Question

A particle is executing linear SHM of amplitude $A$ and time period $T$. If $v$ refers to the average speed of the particle during any time interval of $\frac{T}{3}$, then the maximum possible value of $v$ in terms of $A$ is

• A. $\frac{3\sqrt{3}}{T}A$
• B. $\frac{\sqrt{3}A}{T}$
• C. $\frac{2\sqrt{3}}{T}A$
• D. $\frac{3A}{T}$

Answer 1

The correct option is A $\frac{3\sqrt{3}}{T}A$

Let us consider the situation shown in the phasor diagram.


When a particle is moving from $\text{A}$ to $\text{B}$, let the change in phase of the particle be $\theta =\omega t.$
Given, Time interval $t=\frac{T}{3}$
$\Rightarrow \theta =\omega t=\frac{2\pi }{T}\times \frac{T}{3}=\frac{2\pi }{3}$
Which means change in phase of the particle in moving from $\text{A}$ to $\text{B}$ is ${120}^{\circ }$ on the reference circle.
From the phasor diagram, we can deduce that, the maximum average velocity for a time interval of $\frac{T}{3}$ would be from $\text{P}$ to $\text{Q}$.
$\therefore$ Maximum average velocity $v=\frac{\text{Displacement between P and Q}}{\text{Time interval}}$
$\Rightarrow v=\frac{\frac{\sqrt{3}A}{2}+\frac{\sqrt{3}A}{2}}{\left(T/3\right)}=\frac{3\sqrt{3}A}{T}$
Thus, option (a) is the correct answer.

Alternate solution:
Let us suppose that the particle starts at the mean position.
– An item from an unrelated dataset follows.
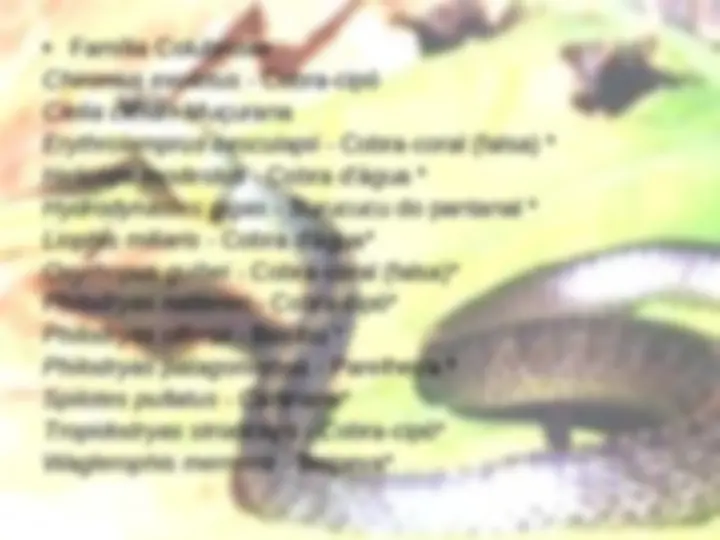 pf37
The equation of SHM is given by
$x=A\sin \omega t......\left(1\right)$
Differentiating $\left(1\right)$ with respect to time, we get
$v=A\omega \cos \omega t$
Since the maximum value of speed is at $x=0$, the maximum average velocity for a time interval $\frac{T}{3}$ would be from $-\frac{T}{6}$ to $\frac{T}{6}$.
Average velocity of particle in a time interval $t$ is given by
$v_{av}=\frac{{\int }_0^{t}vdt}{{\int }_0^{t}dt}$
$\Rightarrow v_{av}=\frac{3}{T}{\int }_{-T/6}^{T/6}A\omega cos\omega tdt$
$\Rightarrow v_{av}=\frac{3A}{T}\left(2\sin \left(\frac{\omega T}{6}\right)\right)$
Since $\omega T=2\pi$,
$\Rightarrow v_{av}=\frac{3\sqrt{3}A}{T}$
Thus, option (a) is the correct answer.